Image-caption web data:
=====

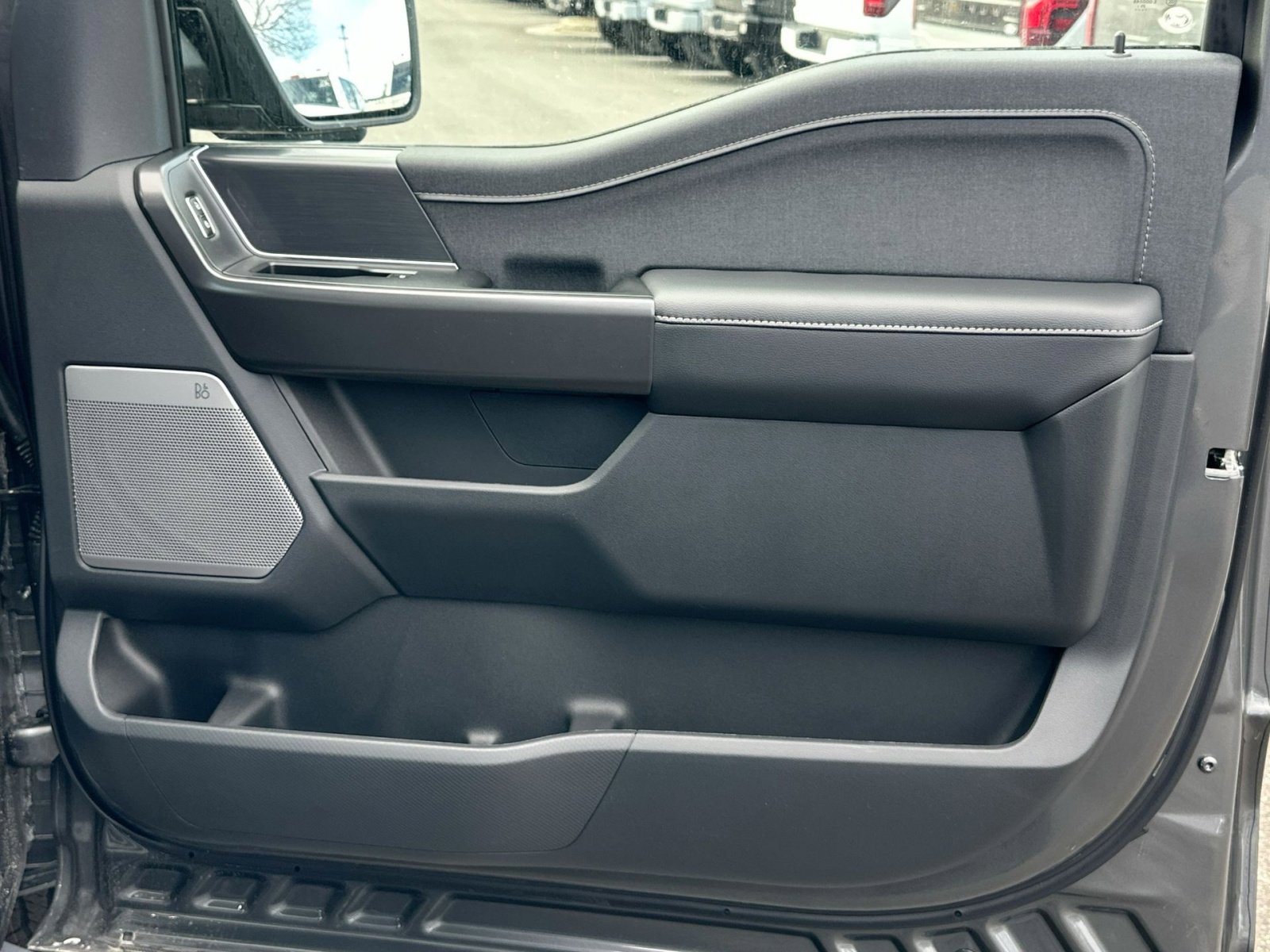 New 2026 Ford F150 Lariat w/ Equipment Group 501A Mid image 40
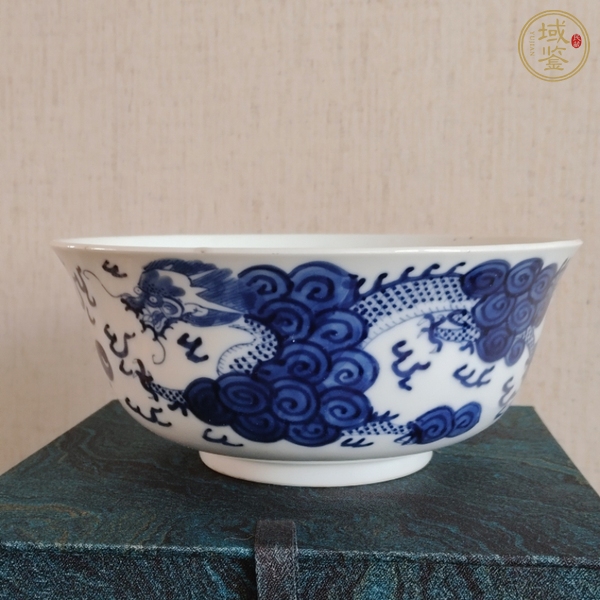 古玩晚清青花云龍紋碗真品鑒賞圖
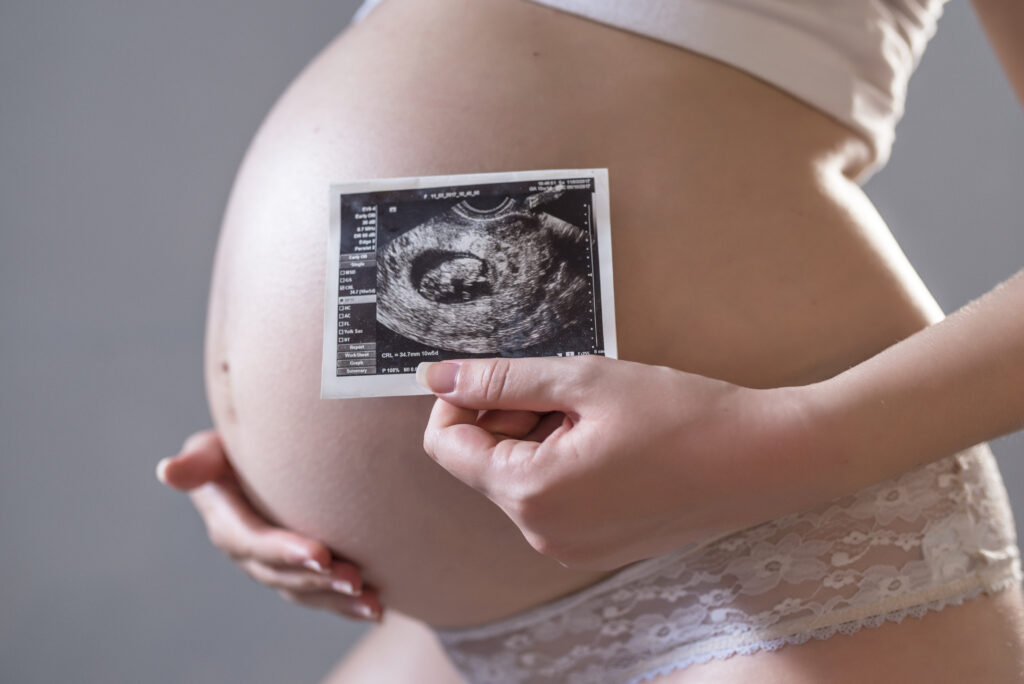 Hình ảnh: Bố trò chuyện với thai nhi giúp kích thích não bộ cho bé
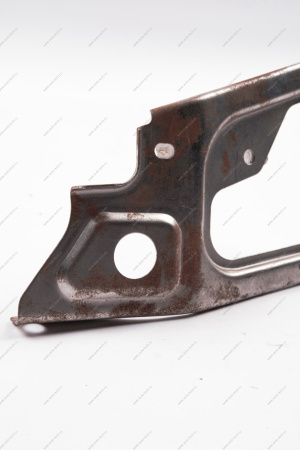 Кр-н ВАЗ-2114 решетки радиатора внутренний правый (ТЗТО) Lada LADA 21140840117800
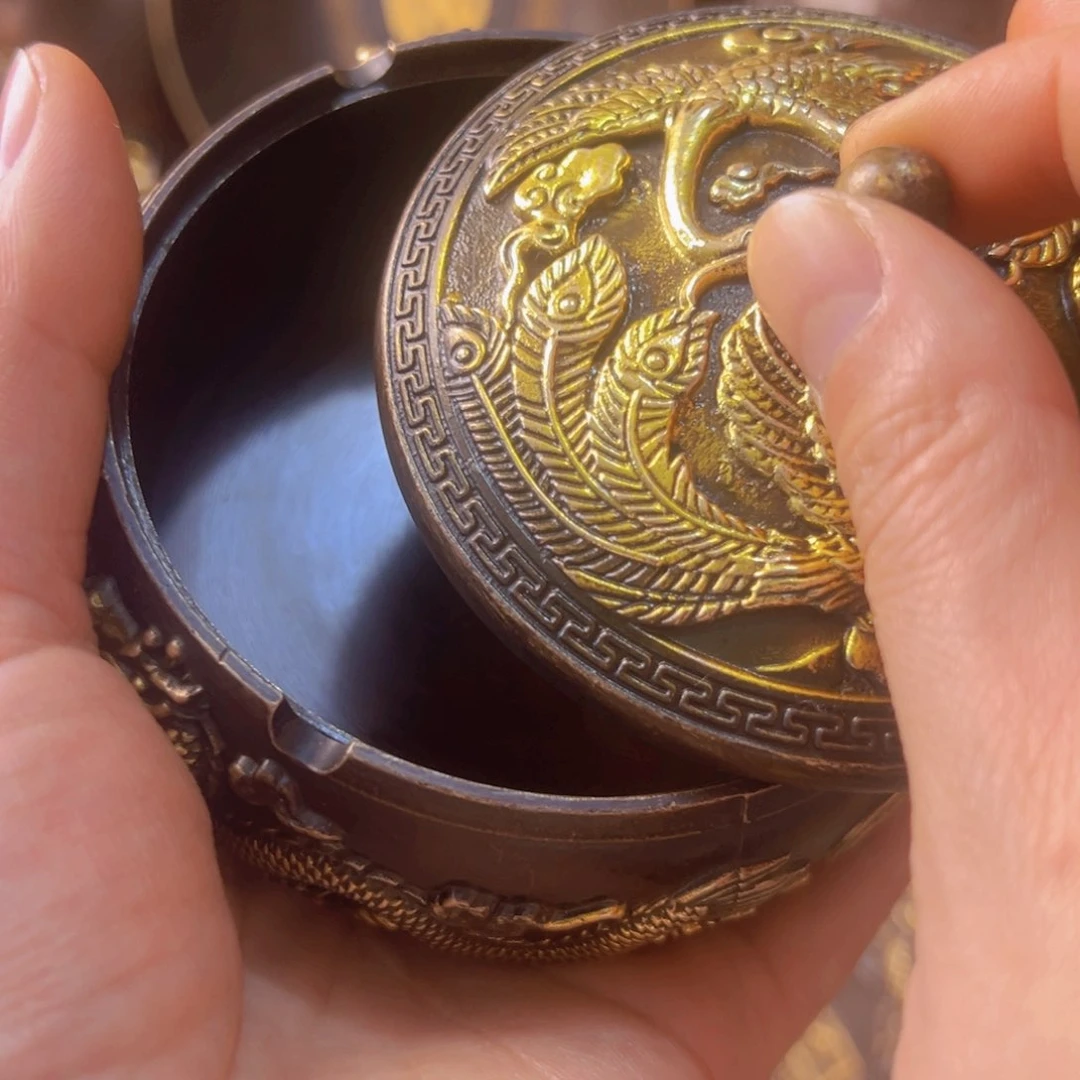 原矿风磨铜烟灰缸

=====

Transcribe exactly the lines that go from the one holding "Hình ảnh: Bố" through the last line of the entries, both included, and nothing besides them. Do not include any pictures.

**RESULT OF THE TASK**.
 Hình ảnh: Bố trò chuyện với thai nhi giúp kích thích não bộ cho bé
 Кр-н ВАЗ-2114 решетки радиатора внутренний правый (ТЗТО) Lada LADA 21140840117800
 原矿风磨铜烟灰缸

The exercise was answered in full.